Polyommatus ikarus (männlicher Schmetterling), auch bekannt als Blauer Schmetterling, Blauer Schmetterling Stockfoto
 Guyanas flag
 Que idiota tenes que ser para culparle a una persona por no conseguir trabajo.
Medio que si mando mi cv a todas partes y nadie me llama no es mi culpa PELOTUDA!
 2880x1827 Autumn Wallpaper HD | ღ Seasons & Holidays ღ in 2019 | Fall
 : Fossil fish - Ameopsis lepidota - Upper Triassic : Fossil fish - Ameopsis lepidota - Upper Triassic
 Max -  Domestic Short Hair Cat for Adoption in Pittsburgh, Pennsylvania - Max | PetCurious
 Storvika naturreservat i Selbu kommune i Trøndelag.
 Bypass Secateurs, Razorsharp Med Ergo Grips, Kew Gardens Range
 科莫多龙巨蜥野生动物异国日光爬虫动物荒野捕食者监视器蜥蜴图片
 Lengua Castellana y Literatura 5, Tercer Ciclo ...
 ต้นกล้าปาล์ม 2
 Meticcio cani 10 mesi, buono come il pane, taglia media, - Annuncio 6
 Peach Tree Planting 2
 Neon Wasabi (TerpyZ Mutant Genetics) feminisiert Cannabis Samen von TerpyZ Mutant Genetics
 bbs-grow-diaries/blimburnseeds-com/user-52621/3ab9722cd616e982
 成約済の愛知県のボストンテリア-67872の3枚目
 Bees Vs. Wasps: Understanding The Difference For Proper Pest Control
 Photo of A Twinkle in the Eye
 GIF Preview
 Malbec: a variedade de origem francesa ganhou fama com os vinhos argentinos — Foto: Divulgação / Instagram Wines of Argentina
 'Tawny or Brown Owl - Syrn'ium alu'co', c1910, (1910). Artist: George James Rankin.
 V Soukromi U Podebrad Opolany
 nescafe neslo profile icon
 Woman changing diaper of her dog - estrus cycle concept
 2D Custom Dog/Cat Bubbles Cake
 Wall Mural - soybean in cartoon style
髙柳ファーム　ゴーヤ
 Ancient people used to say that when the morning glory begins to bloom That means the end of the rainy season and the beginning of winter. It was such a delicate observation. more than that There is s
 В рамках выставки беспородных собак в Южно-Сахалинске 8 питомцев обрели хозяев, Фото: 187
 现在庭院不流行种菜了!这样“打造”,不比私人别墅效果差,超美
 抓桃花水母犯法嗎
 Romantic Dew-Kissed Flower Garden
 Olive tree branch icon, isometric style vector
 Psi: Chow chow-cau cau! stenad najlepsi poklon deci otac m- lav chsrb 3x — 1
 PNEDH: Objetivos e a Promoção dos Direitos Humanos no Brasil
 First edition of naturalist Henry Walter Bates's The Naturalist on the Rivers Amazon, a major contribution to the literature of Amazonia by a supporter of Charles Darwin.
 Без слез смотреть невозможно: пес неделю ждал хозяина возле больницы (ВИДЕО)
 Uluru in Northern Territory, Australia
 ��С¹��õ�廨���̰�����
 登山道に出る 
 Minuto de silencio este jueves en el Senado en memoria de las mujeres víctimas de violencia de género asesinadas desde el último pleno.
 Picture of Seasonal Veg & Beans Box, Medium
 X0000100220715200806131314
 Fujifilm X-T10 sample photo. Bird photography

__________________________________________________

Task objective: Transcribe, word for word, the data above from its first line through the line with "Que idiota tenes", and include nothing else.

Answer to the exercise:
Polyommatus ikarus (männlicher Schmetterling), auch bekannt als Blauer Schmetterling, Blauer Schmetterling Stockfoto
 Guyanas flag
 Que idiota tenes que ser para culparle a una persona por no conseguir trabajo.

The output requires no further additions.